2 Mironenko, Sergej u.a. (Hrsg.), Sowjetische Speziallager in Deutschland 1945 bis 1950, 2 Bde., Berlin 1998. Siehe auch: Morré, Jörg, Speziallager des NKWD. Sowjetische Internierungslager in Brandenburg 1945–1950, Potsdam 1997.
3 Hilger, Andreas; Schmeitzner, Mike; Schmidt, Ute (Hrsg.), Sowjetische Militärtribunale, Bd. 2: Die Verurteilung deutscher Zivilisten 1945–1955/57, Köln 2003; Leo, Annette, Das Speziallager Nr. 7 Sachsenhausen 1945–1950, in: Dachauer Hefte 19 (2003), S. 251-262; Morsch, Günter; Reich, Ines (Hrsg.), Sowjetisches Speziallager Nr. 7/Nr. 1 in Sachsenhausen (1945–1950), Berlin 2005.

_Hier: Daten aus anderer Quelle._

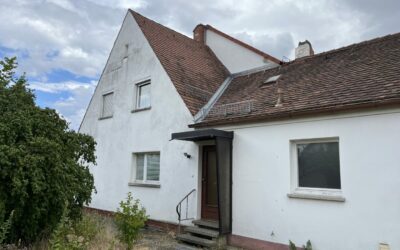 Haupthaus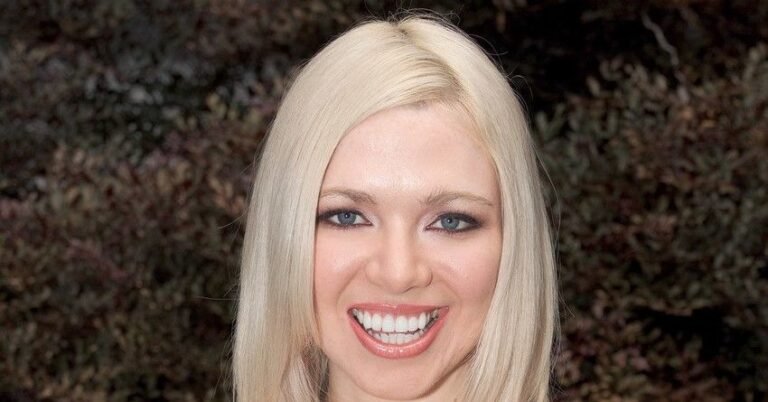 Kylee Nash Biography & Net Worth, Age, Career, Lifestyle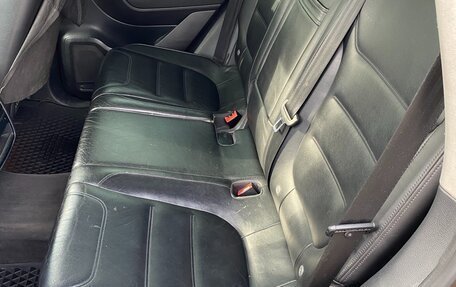 Volkswagen Touareg III, 2011 год, 2 000 000 рублей, 4 фотография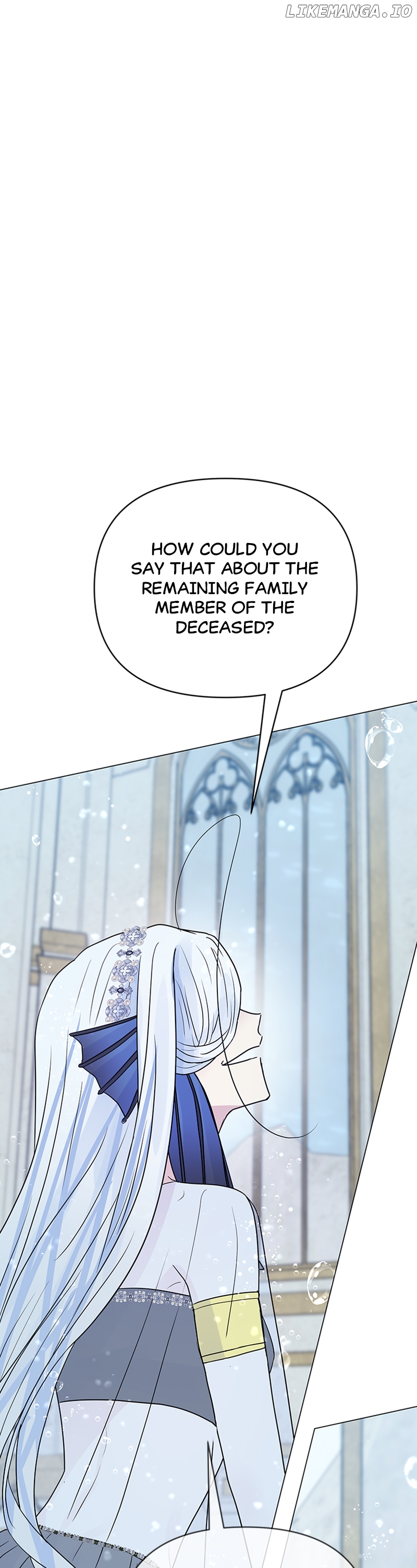 To Take a Mermaid’s Heart Chapter 66 - page 13
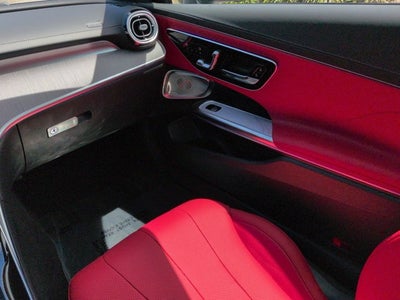 2027 Mercedes-Benz CLE CLE 450 4MATIC®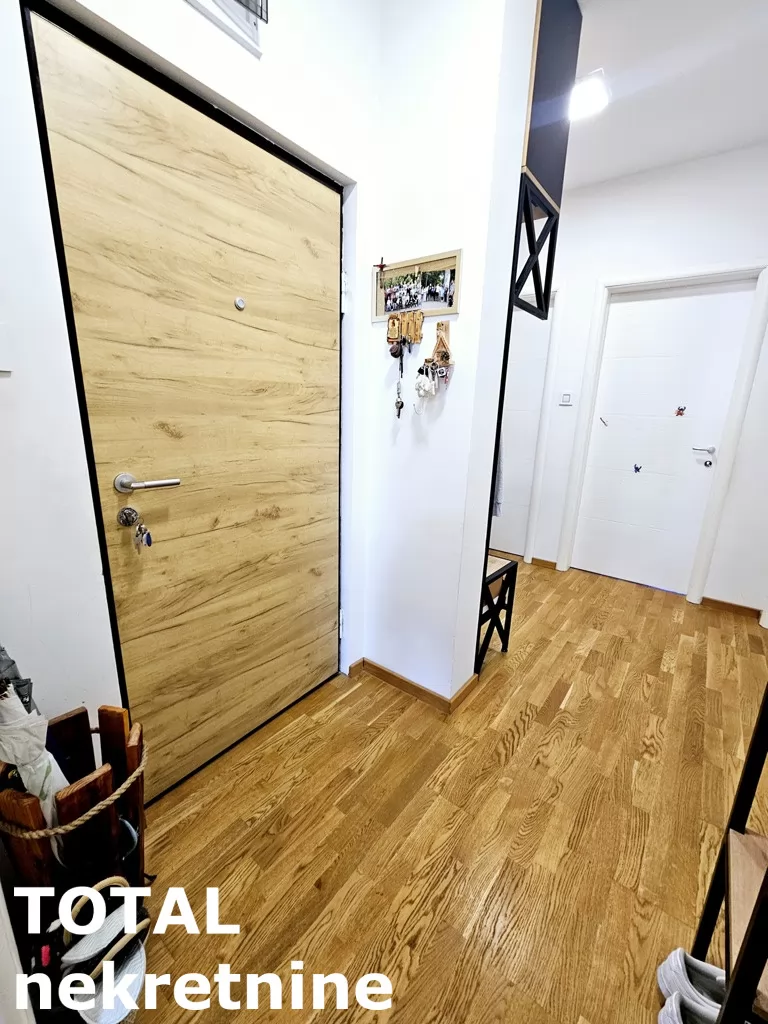 Stan,NOVI SAD,VETERNIČKA RAMPA,kv: 86.00, € 206000, ID: 1101114 18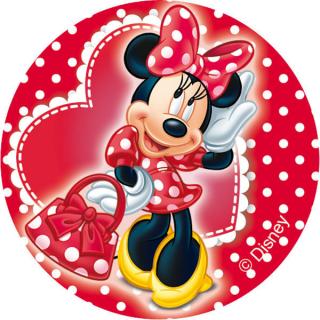 JEDLÝ PAPÍR MINNIE 2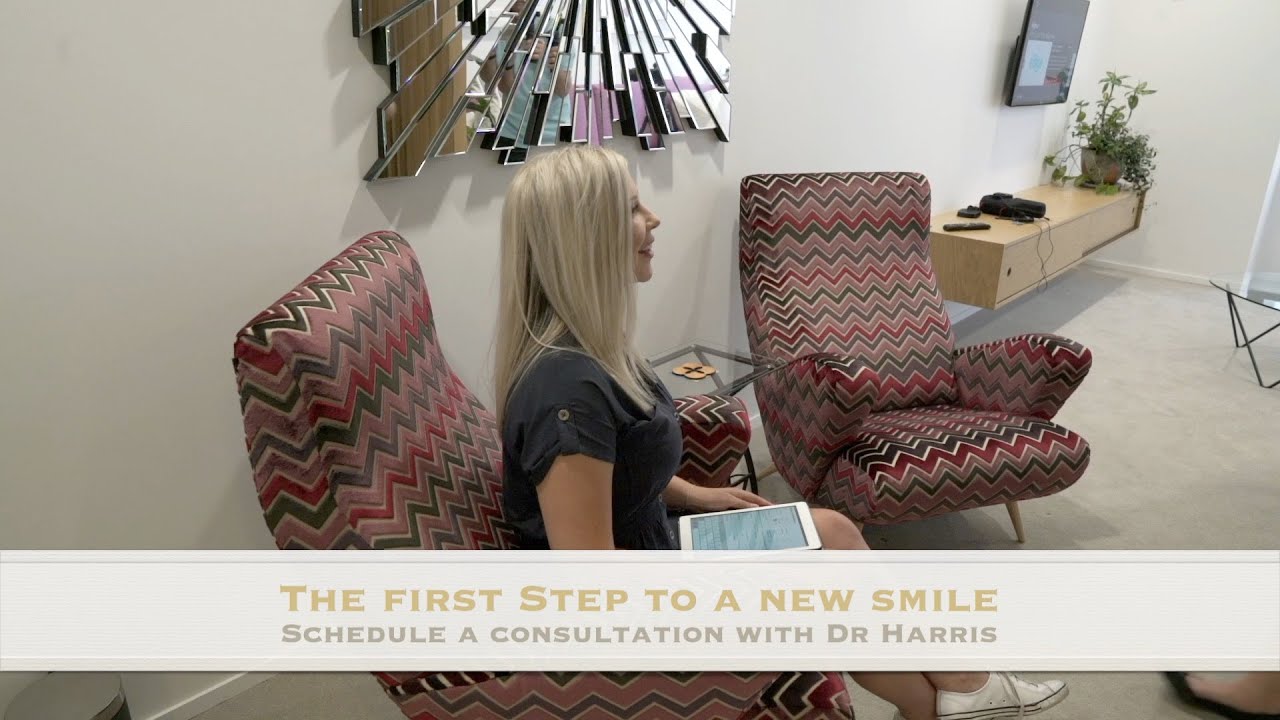 City Dental Lounge Invisalign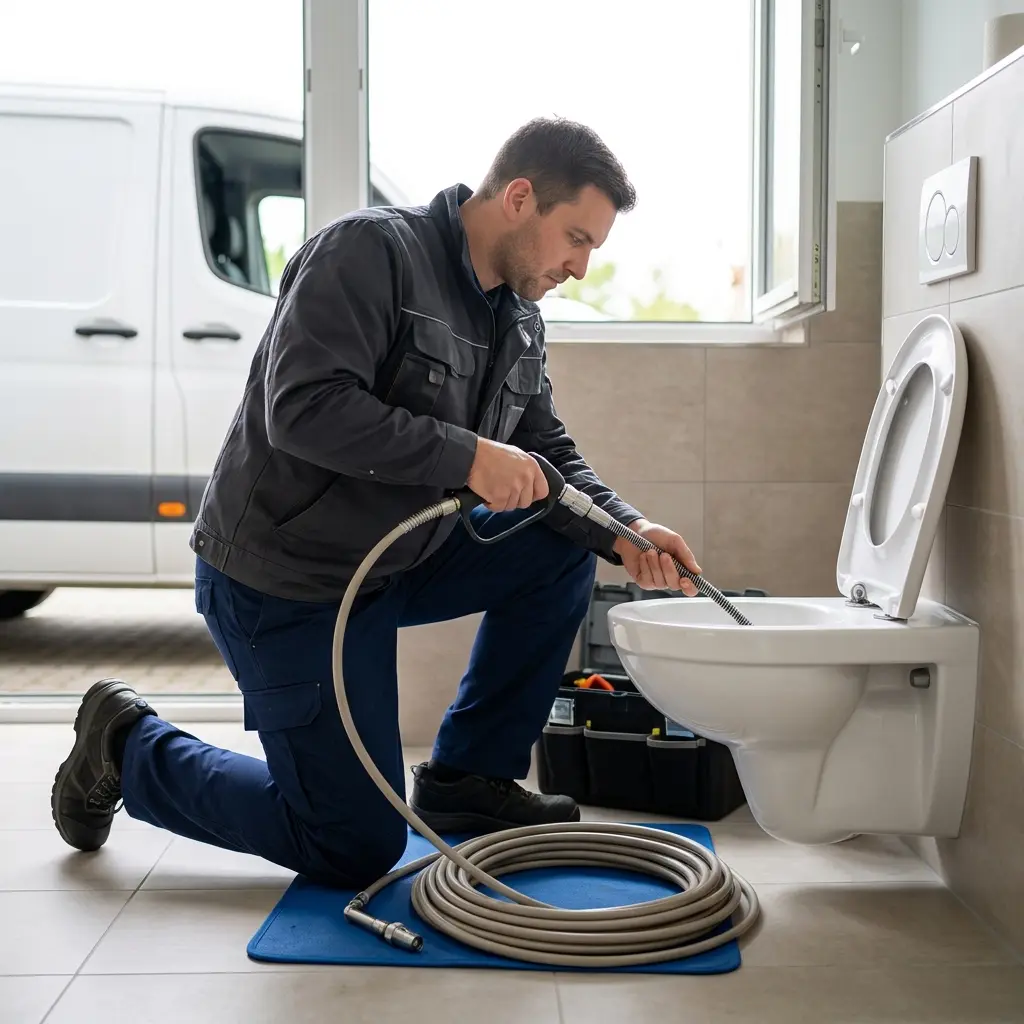 Adopter les bons gestes pour prévenir les obstructions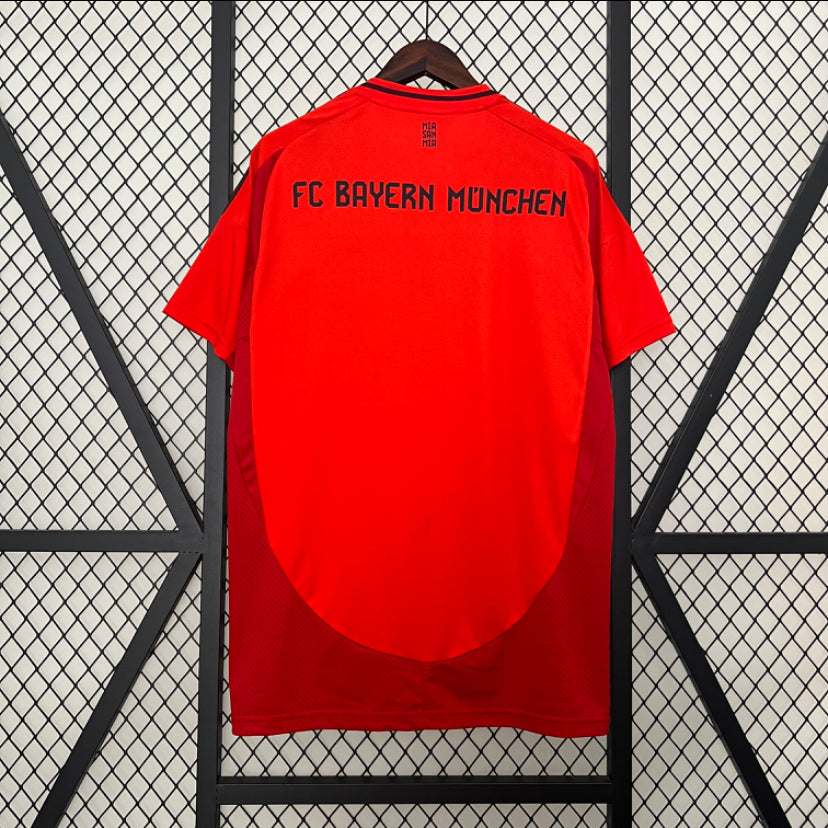 24/25 Bayern Munich Home Kit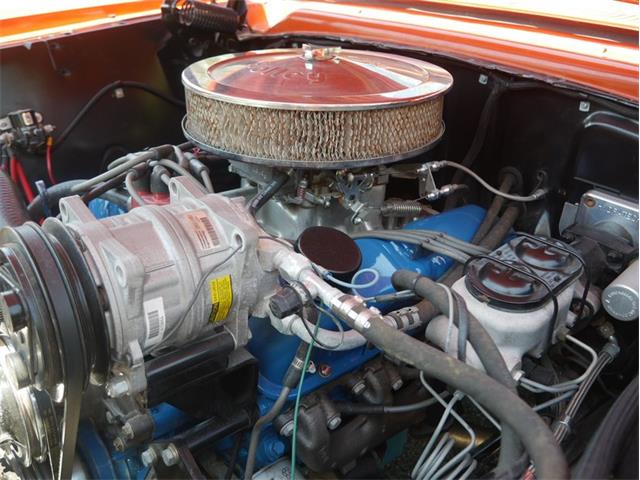 1964 Ford Falcon (CC-2084776) for sale in Palmetto, Florida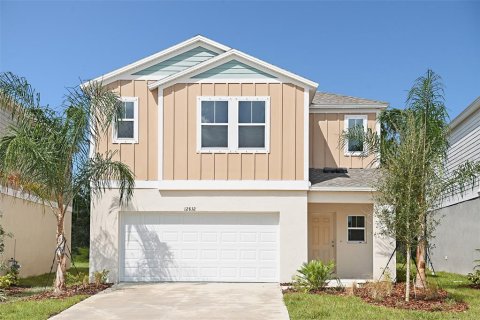 Casa en Lake Hamilton, Florida 5 dormitorios, 229.47 m2 № 2216845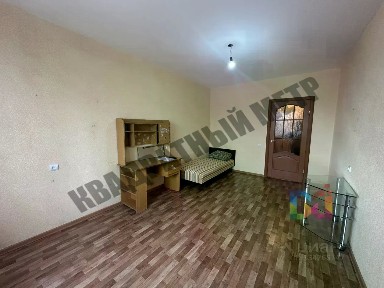 Продается 1-комн. квартира, 35 м²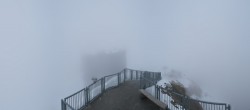 Archiv Foto Webcam Peak Walk am Scex Rouge 15:00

4 Vgl. auch Schneider, Christian, Deckerinnerung: Ein Lager, zwei Bilder. Generationengeschichtliche Anmerkungen zur psychologischen Binnenkonstruktion deutscher Erinnerungspolitik, in: Haustein, Petra; Kaminsky, Annette; Knigge, Volkhard (Hrsg.), Instrumentalisierung, Verdrängung, Aufarbeitung. Die sowjetischen Speziallager in der gesellschaftlichen Wahrnehmung. 1945 bis heute, Göttingen 2006, S. 79-99.